To: CalculatedRisk who wrote (35903)7/21/2005 7:18:12 AM
From: Crimson GhostRead Replies (2) | Respond to of 306849
 
Foreigners pouring into US real estate market.

Another sign that we are at or near a top?

OUTSOURCING TO AMERICA

CHRISTIAN SCIENCE MONITOR - Earlier this year, real estate marketer
Melissa Rubin took some South American clients to a party to promote a
new condo that developers hoped to sell before a shovel hit the ground.

Even by Miami standards, the party was exotic. There were tigers,
chimps, human flamethrowers, jumbo TVs, and the usual red-carpet food
and drink. There was also a bikini-clad woman covered in chocolate [Jim:
emphasis added, sorry, no photo available]. "If we take them to a party,
it helps them get excited about the project," says Ms. Rubin of Platinum
Properties International.

Indeed, developers are going all-out to charm their clients, and more
and more those clients include the world's wealthy elite from such
countries as Argentina, Mexico, Australia, and Germany. These foreign
buyers, in fact, are one of the important reasons the housing bubble
continues to grow in hot markets like Miami, New York, and Las Vegas. In
many cases, they're taking advantage of the strong euro or trying to get
their money into a dollar-denominated hiding place.

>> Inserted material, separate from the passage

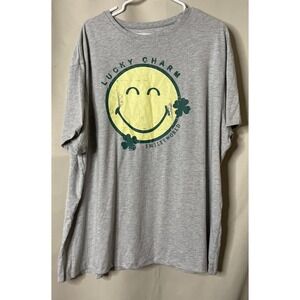 SmileyWorld Womens L/XL T-Shirt Gray Lucky Charm Smiley‎ Face Graphic Tee NEW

The result: In Miami, for one, some condo buildings have as much as
two-thirds of their units owned by foreigners. Call it America for Sale.
. .

Although there are no numbers indicating how much foreigners are pouring
into the United States to buy condos, there are some eye-opening
anecdotal signs:

- In Las Vegas, wealthy foreign buyers - mostly from Mexico - have
snapped up 12 percent of the condos at Icon, twin 48-story towers that
are now almost sold out even though they won't start construction until
next month.

- New York City real estate brokers estimate that up to 33 percent of
new condos sold in the city are going to non-Americans, especially
Europeans, who one broker describes as "very aggressive."

- Asian buyers are jumping in, too. Real estate agents are flying to
Shanghai, Beijing, Bangkok, and Kuala Lumpur to talk up the property
market. Recently, a large group of Korean finance, construction,
insurance, and engineering executives conducted a "study tour" of
southeast Florida real estate. They plan to return next April.